### Source data
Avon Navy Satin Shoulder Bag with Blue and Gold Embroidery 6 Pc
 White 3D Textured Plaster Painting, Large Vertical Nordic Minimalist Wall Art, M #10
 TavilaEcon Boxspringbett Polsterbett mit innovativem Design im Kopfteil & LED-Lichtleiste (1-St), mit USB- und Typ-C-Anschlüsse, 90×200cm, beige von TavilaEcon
######
_Goal of the exercise_
Return the lines above, starting at the one that contains "White 3D Textured" and running through the last, exactly as they appear, with no extra lines.

_Task result_
 White 3D Textured Plaster Painting, Large Vertical Nordic Minimalist Wall Art, M #10
 TavilaEcon Boxspringbett Polsterbett mit innovativem Design im Kopfteil & LED-Lichtleiste (1-St), mit USB- und Typ-C-Anschlüsse, 90×200cm, beige von TavilaEcon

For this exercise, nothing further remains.